Captioned web images
--------

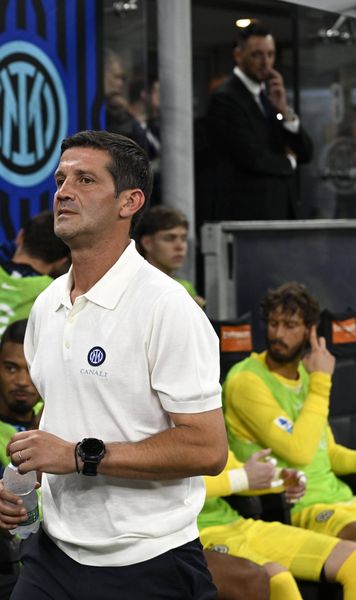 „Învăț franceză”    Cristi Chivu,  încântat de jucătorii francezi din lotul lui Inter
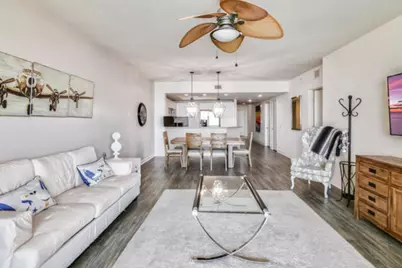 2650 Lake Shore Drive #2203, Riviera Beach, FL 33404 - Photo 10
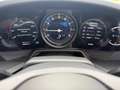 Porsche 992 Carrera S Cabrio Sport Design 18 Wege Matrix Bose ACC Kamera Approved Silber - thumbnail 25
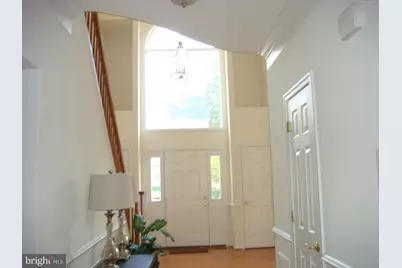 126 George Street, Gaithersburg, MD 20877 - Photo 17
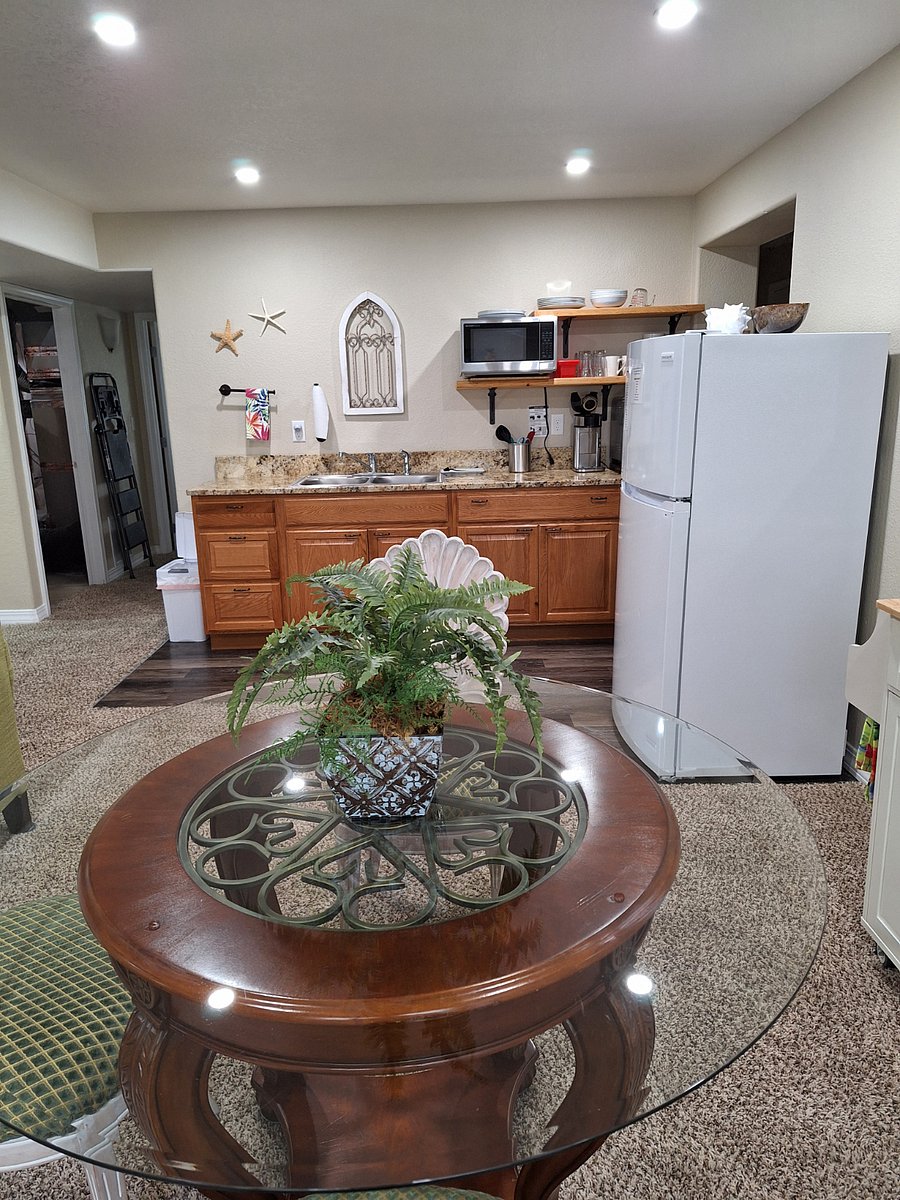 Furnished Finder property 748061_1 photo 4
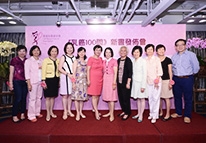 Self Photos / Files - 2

--------

*EXERCISE*
Reprint the entries above exactly, images removed.

*FINISHED EXERCISE*
 „Învăț franceză”    Cristi Chivu,  încântat de jucătorii francezi din lotul lui Inter
 2650 Lake Shore Drive #2203, Riviera Beach, FL 33404 - Photo 10
 Porsche 992 Carrera S Cabrio Sport Design 18 Wege Matrix Bose ACC Kamera Approved Silber - thumbnail 25
 126 George Street, Gaithersburg, MD 20877 - Photo 17
 Furnished Finder property 748061_1 photo 4
 Self Photos / Files - 2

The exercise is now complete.